[Supplied records — start]

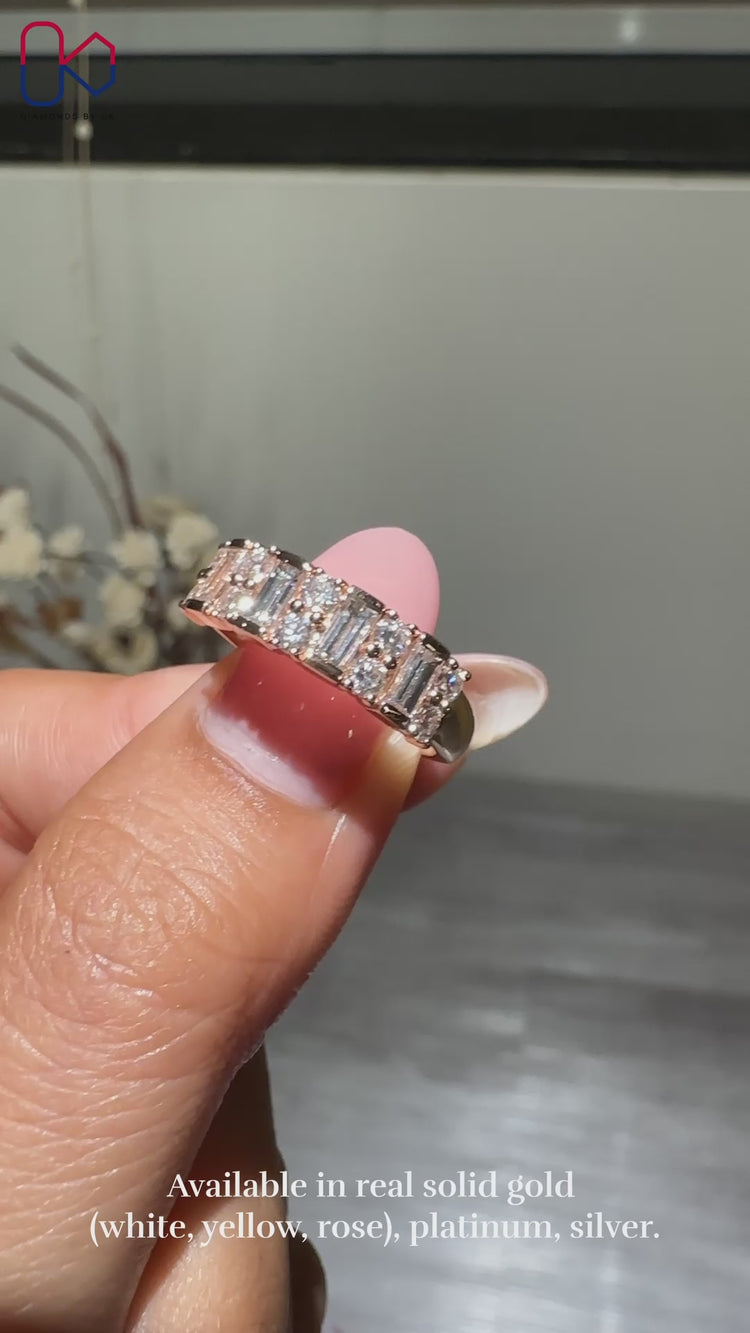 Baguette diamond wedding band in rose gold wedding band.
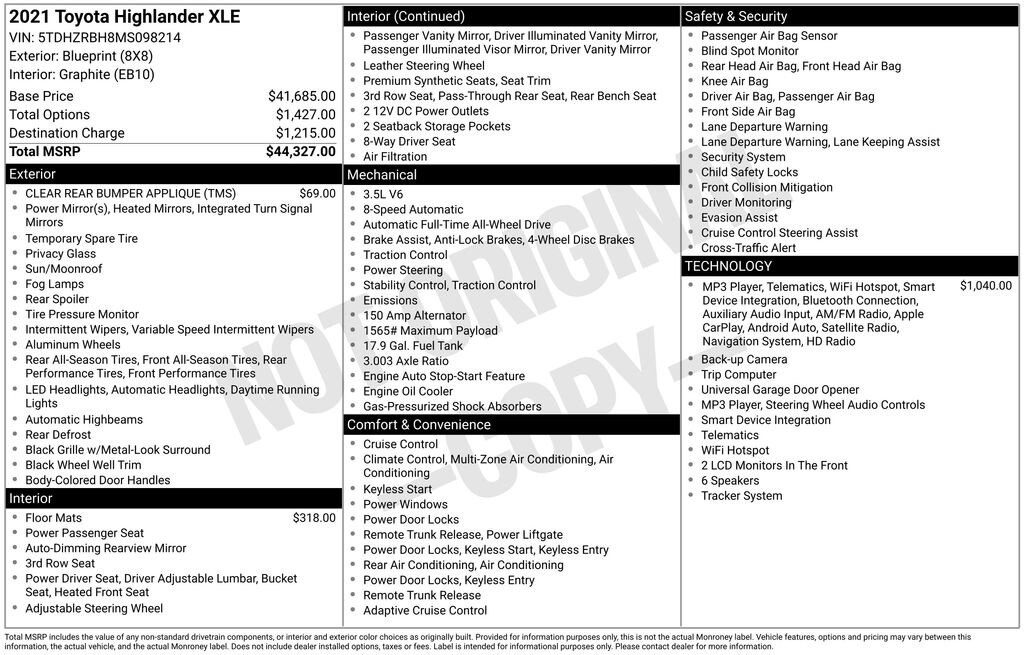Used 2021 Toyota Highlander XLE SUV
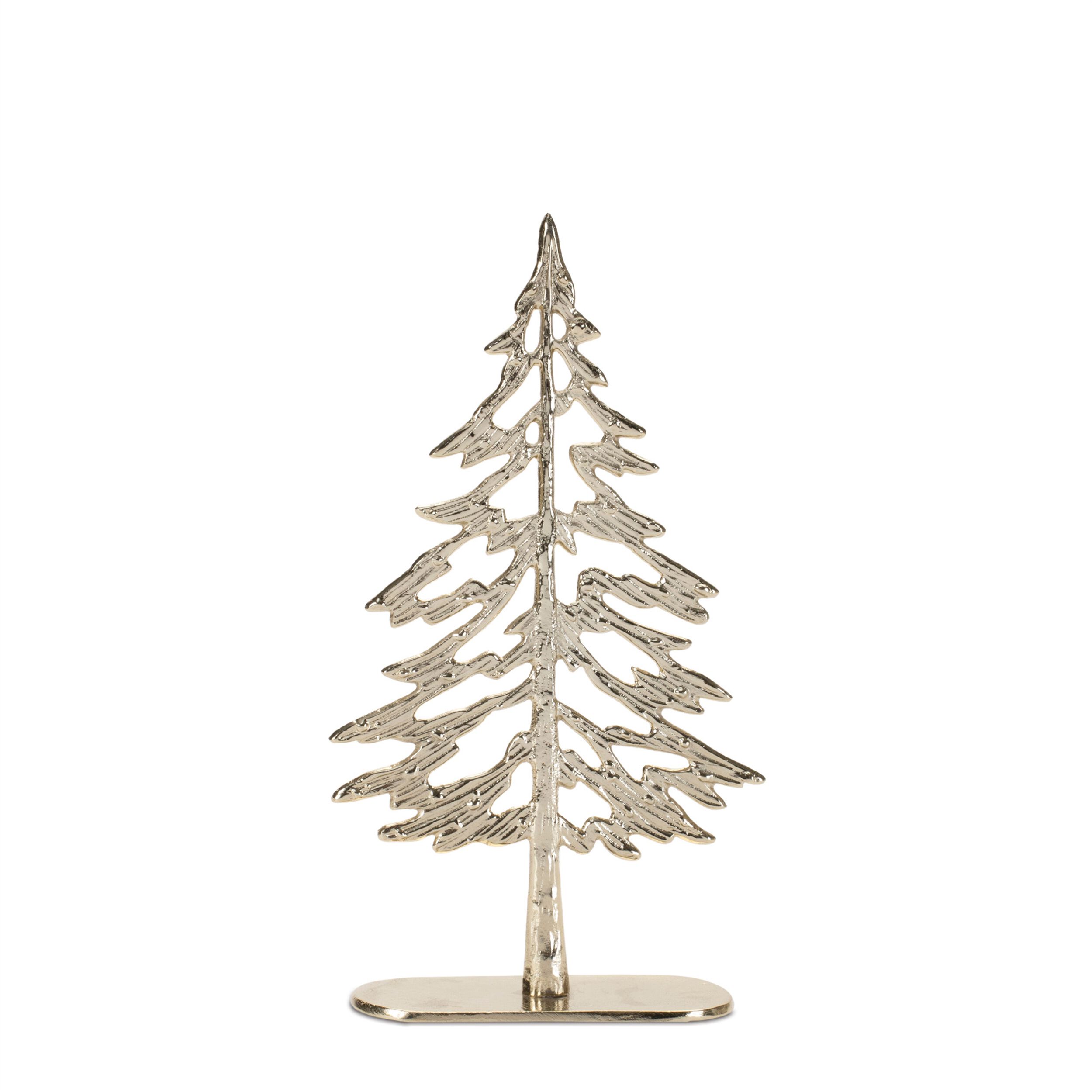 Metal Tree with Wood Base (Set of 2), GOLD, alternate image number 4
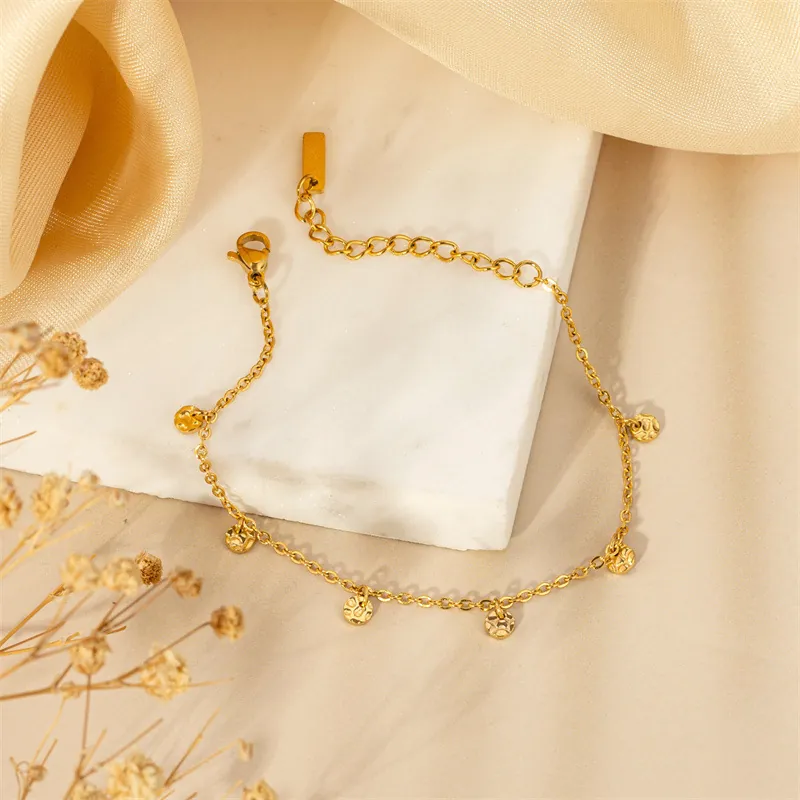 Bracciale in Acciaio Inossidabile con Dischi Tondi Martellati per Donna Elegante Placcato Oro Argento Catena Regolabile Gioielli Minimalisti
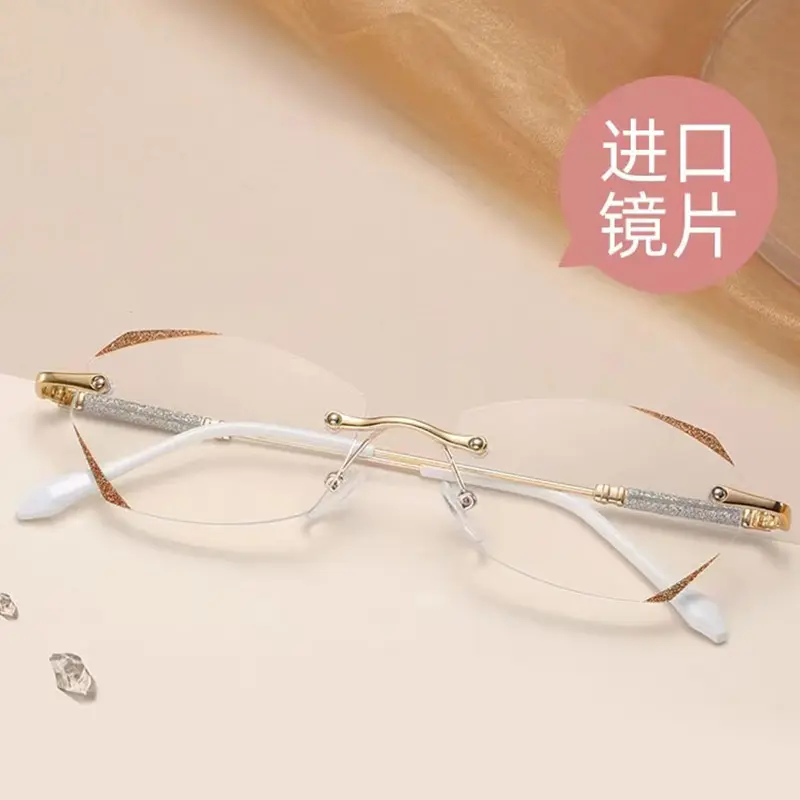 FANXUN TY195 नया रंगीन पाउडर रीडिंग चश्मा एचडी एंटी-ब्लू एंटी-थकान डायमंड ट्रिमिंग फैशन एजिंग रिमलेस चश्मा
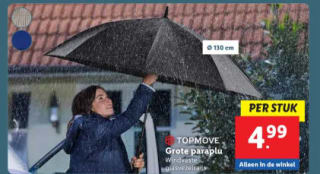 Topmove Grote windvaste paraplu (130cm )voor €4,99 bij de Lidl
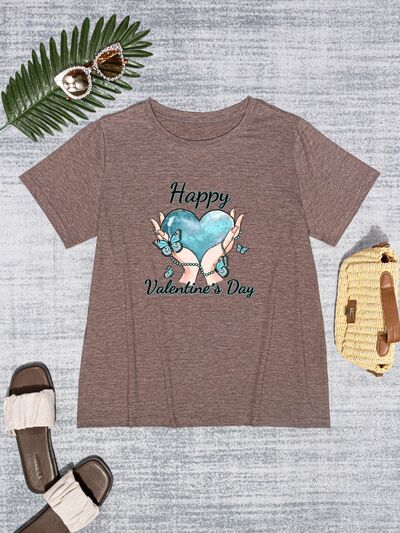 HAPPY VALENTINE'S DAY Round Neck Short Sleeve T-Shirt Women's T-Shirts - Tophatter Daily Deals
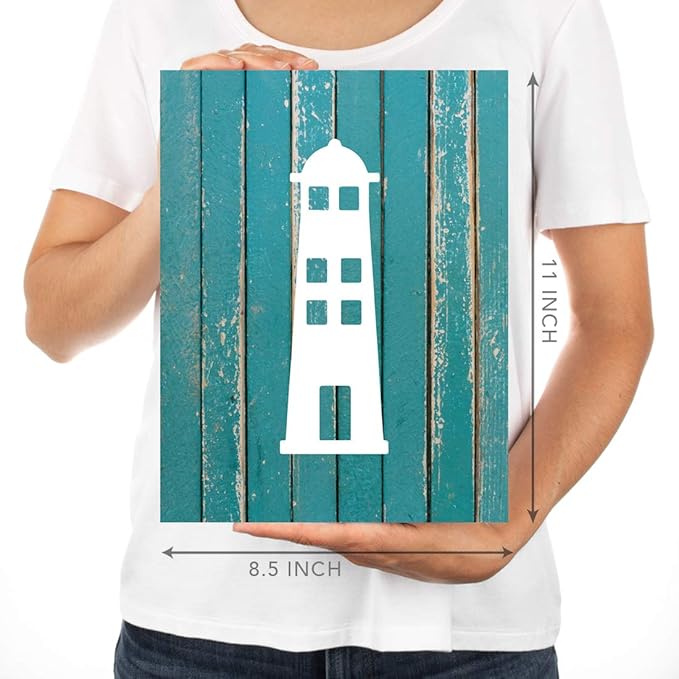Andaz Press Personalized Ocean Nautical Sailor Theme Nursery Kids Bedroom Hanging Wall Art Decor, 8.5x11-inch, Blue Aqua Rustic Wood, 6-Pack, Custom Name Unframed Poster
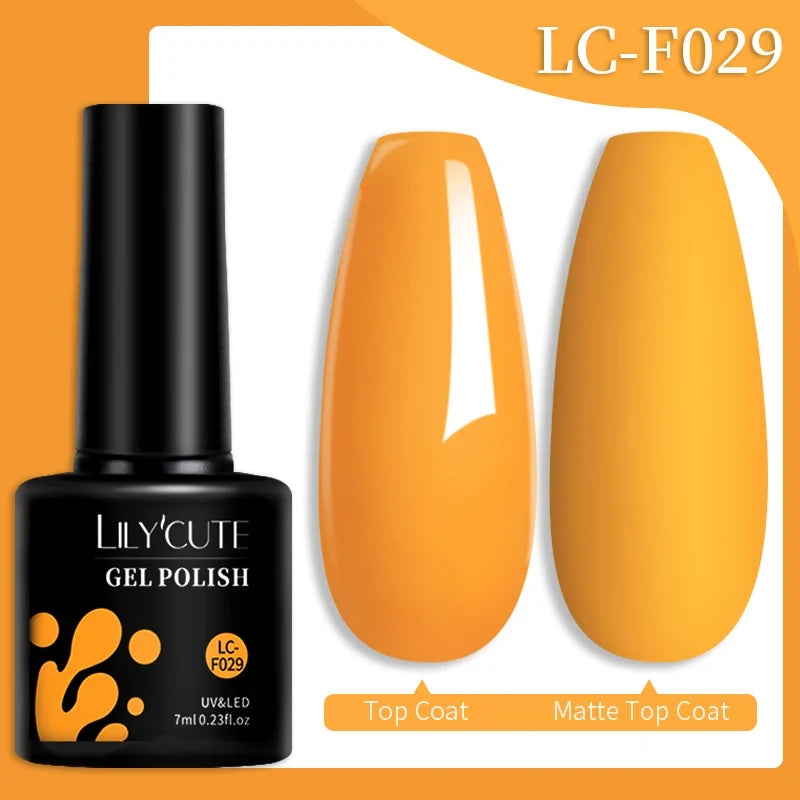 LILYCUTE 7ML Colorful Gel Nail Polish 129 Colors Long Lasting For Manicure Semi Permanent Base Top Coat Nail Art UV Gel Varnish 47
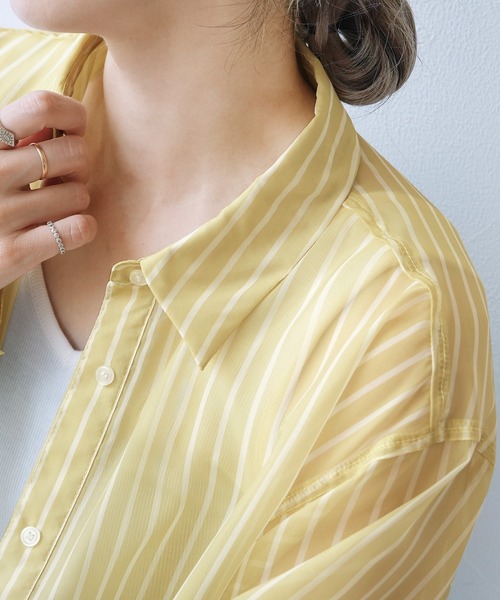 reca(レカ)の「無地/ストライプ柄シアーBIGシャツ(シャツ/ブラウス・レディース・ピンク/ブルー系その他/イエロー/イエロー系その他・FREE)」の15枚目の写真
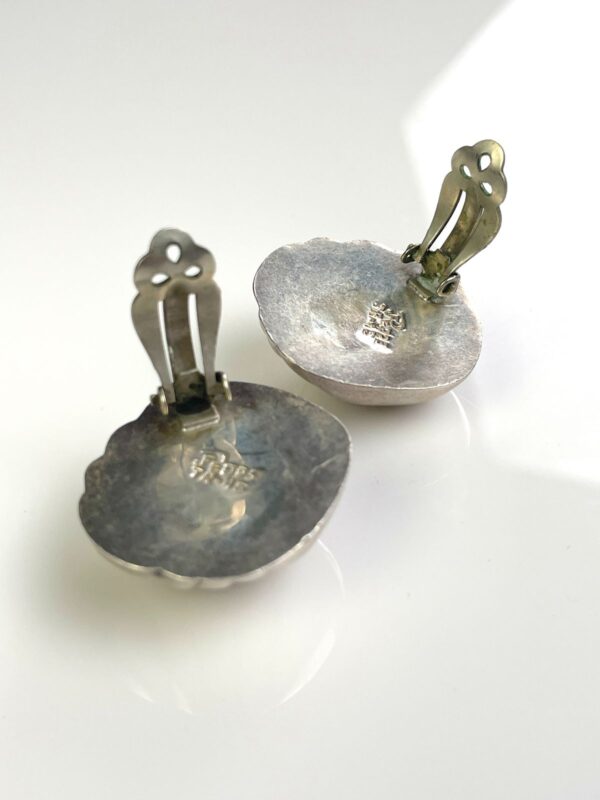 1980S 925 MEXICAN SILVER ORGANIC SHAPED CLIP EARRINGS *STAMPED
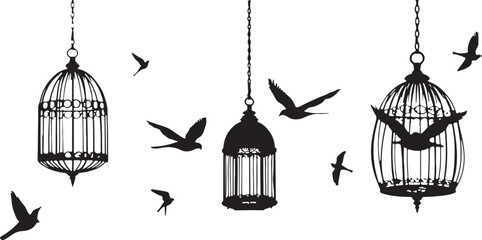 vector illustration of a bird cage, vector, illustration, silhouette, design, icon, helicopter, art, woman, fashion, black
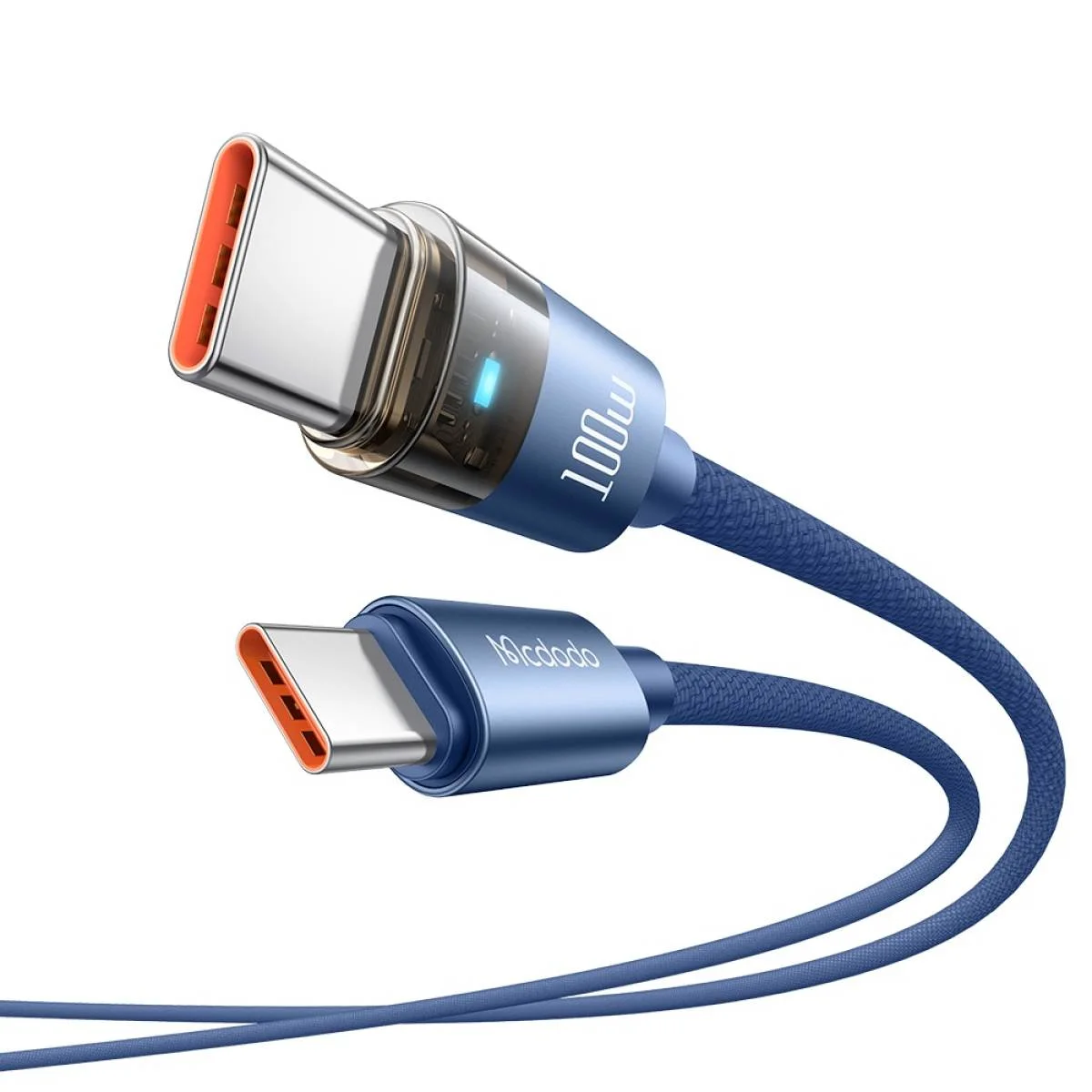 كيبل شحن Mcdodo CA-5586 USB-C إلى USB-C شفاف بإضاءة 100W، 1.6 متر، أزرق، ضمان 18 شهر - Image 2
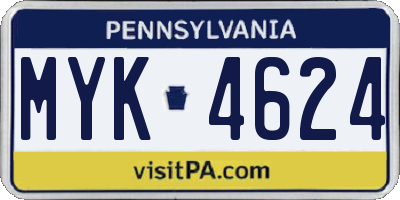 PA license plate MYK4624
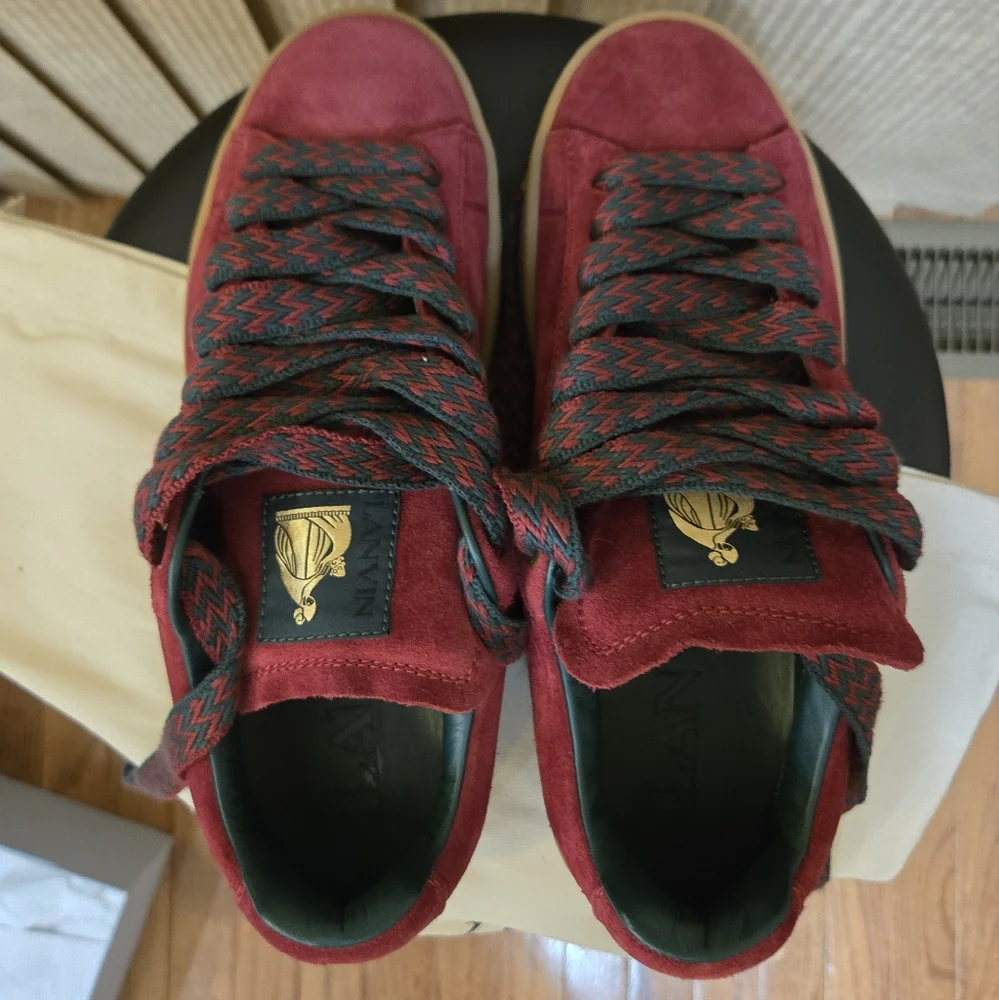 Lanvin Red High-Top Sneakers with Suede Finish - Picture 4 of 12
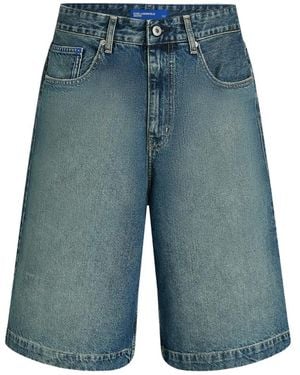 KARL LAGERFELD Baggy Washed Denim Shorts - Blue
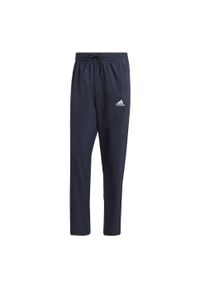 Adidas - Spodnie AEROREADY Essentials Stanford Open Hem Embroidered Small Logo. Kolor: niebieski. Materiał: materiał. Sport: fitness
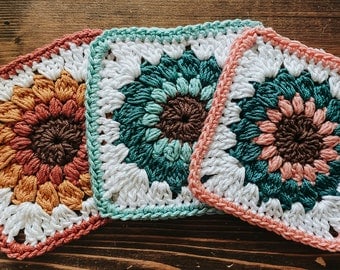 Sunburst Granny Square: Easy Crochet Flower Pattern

[Supplied records — finish]

Exercise brief: Output exactly the lines above, from the line with "vector illustration of" to the line with "PA license plate MYK4624", both included; skip the pictures.

Written solution:
 vector illustration of a bird cage, vector, illustration, silhouette, design, icon, helicopter, art, woman, fashion, black
 كيبل شحن Mcdodo CA-5586 USB-C إلى USB-C شفاف بإضاءة 100W، 1.6 متر، أزرق، ضمان 18 شهر - Image 2
 PA license plate MYK4624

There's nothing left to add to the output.